Old paintings: My dad and I worked on a painting at the Seattle Art Museum, painted by an Italian master, that was 500 years old. I continue to restore the paintings at Mount Angel Abbey. One of them is 400 years old.
Something you would like to do over: I always look forward not back. I was trained well because I believe my father was a genius. I think I am doing well because I don’t get paintings coming back to me.
Best feature of my community: The community is still growing and its history is still growing. It is exciting to think what Clark County might be doing next. There are a lot of people in the arts community in Vancouver, Salmon Creek and the east side. There are so many more galleries now.

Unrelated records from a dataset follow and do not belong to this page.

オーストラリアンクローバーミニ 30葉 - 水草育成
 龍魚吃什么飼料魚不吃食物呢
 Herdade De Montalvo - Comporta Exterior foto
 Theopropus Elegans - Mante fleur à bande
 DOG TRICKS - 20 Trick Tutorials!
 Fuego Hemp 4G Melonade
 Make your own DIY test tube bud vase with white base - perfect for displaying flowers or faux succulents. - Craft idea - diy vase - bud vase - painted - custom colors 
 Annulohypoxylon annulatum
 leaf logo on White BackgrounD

What would make your community a better place: I think there are many ways the city is on the right track. We have a lot of history like the old fort, the barracks, and we have such great potential.
Favorite restaurants: Christine’s Restaurant, Tommy O’s, Plainsman Restaurant and McMenamins on the Columbia.
One word to describe yourself: Conversationalist.
Hobbies: I collect fantasy trading cards.
Favorite travel destination: New Orleans, northern California and Canada.
Most interesting book in last 12 months: “Time Machines: Time Travel in Physics, Metaphysics, and Science Fiction” by Paul J. Nahin.
One thing you want to do this year: A couple of my colleagues and I hope to get the opportunity to restore paintings on the walls of a Catholic church in Portland.
Something you want to do within five years: I want to make sure my granddaughter is on her way to being well-educated.
Person you’d most like to meet: Stephen Hawking. He has excelled even though he was diagnosed with a motor neurone disease in the 1960s and was given two years to live. He went on to Cambridge and from 1979 to 2009 he held the post of Lucasian Professor at Cambridge, the chair held by Isaac Newton in 1663.